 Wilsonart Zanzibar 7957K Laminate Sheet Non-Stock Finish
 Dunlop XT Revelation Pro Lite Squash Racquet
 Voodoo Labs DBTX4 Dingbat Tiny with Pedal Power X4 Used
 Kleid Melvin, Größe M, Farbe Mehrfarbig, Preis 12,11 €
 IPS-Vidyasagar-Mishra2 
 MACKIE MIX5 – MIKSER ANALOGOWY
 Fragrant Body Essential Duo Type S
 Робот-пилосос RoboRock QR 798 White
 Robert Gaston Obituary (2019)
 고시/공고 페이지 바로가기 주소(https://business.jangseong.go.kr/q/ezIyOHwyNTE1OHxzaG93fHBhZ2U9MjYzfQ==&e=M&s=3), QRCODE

=======

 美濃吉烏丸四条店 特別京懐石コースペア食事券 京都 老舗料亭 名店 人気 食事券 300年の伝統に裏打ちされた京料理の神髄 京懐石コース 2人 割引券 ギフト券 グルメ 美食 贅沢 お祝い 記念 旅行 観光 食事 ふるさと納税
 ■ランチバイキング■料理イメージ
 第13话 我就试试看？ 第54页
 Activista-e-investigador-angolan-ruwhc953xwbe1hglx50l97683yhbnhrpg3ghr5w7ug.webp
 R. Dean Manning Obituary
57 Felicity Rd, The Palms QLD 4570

=======

Looking at the data above, count every line holding the word "Obituary" and state only the count.

2